Http://pustaka-indo.blogspot.com TereLiye “Bumi” 1 AMAKU Raib. Aku Murid Baru Di
http://pustaka-indo.blogspot.com TereLiye “Bumi” 1 AMAKU Raib. Aku murid baru di sekolah. Usiaku lima belas tahun. Aku anak tunggal, perempuan. Untuk remaja seumuranku, tidak ada yang spesial tentangku. Aku berambut hitam, panjang, dan lurus.

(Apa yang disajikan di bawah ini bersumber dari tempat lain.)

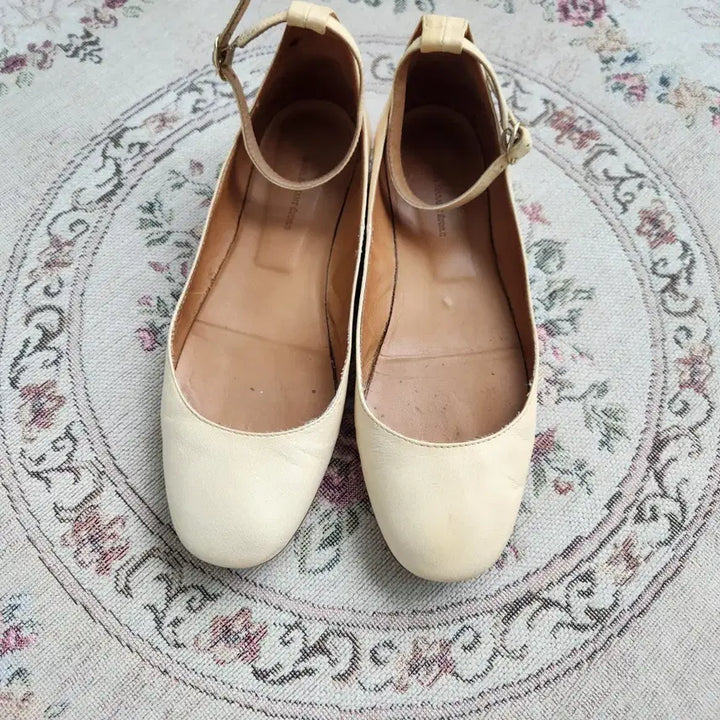 [BUNJANG] Isabel Marant Butter Ivory Ankle Strap Ballerina Shoes (37) / 이자벨마랑 버터아이보리 앵클 스트랩 발레리나 슈즈 (37)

Aku Suka Membaca Dan Mempunyai Dua Ekor Kucing Di Rumah.
Aku suka membaca dan mempunyai dua ekor kucing di rumah. Aku bukan anak yang pintar, apalagi populer. Aku hanya kenal teman-teman sekelas, itu pun seputar anak perempuan. Nilaiku rata-rata, tidak ada yang terlalu cemerlang, kecuali pelajaran bahasa aku amat menyukainya. Di kelas sepuluh sekolah baru ini, aku lebih suka menyendiri dan memperhatikan, menonton teman-teman bermain basket. Aku duduk di...
Sebenarnya Sejak Kecil Aku Terbilang Anak Pemalu. Tidak Pemalu-pemalu Sekali
Sebenarnya sejak kecil aku terbilang anak pemalu. Tidak pemalu-pemalu sekali memang, meskipun satu-dua kali jadi bahan tertawaan teman atau kerabat. Normal-normal saja, tapi sungguh urusan pemalu inilah yang membuatku berbeda dari remaja kebanyakan. Aku ternyata amat berbeda. Aku memiliki kekuatan. Aku tahu itu sejak masih kecil meskipun hingga hari ini kedua orangtuaku, temanteman dekatku tidak...
Waktu Usiaku Dua Tahun, Aku Suka Sekali Bermain Petak Umpet.
Waktu usiaku dua tahun, aku suka sekali bermain petak umpet. Orangtuaku pura-pura bersembunyi, lantas aku sibuk mencari. Aku tertawa saat menemukan mereka. Kemudian giliranku bersembunyi. Kalian pernah melihat anak kecil usia dua tahun mencoba bersembunyi? Kebanyakan mereka hanya berdiri di pojok kamar, atau di samping sofa, atau di belakang meja, lantas menutupi wajah dengan kedua telapak tangan.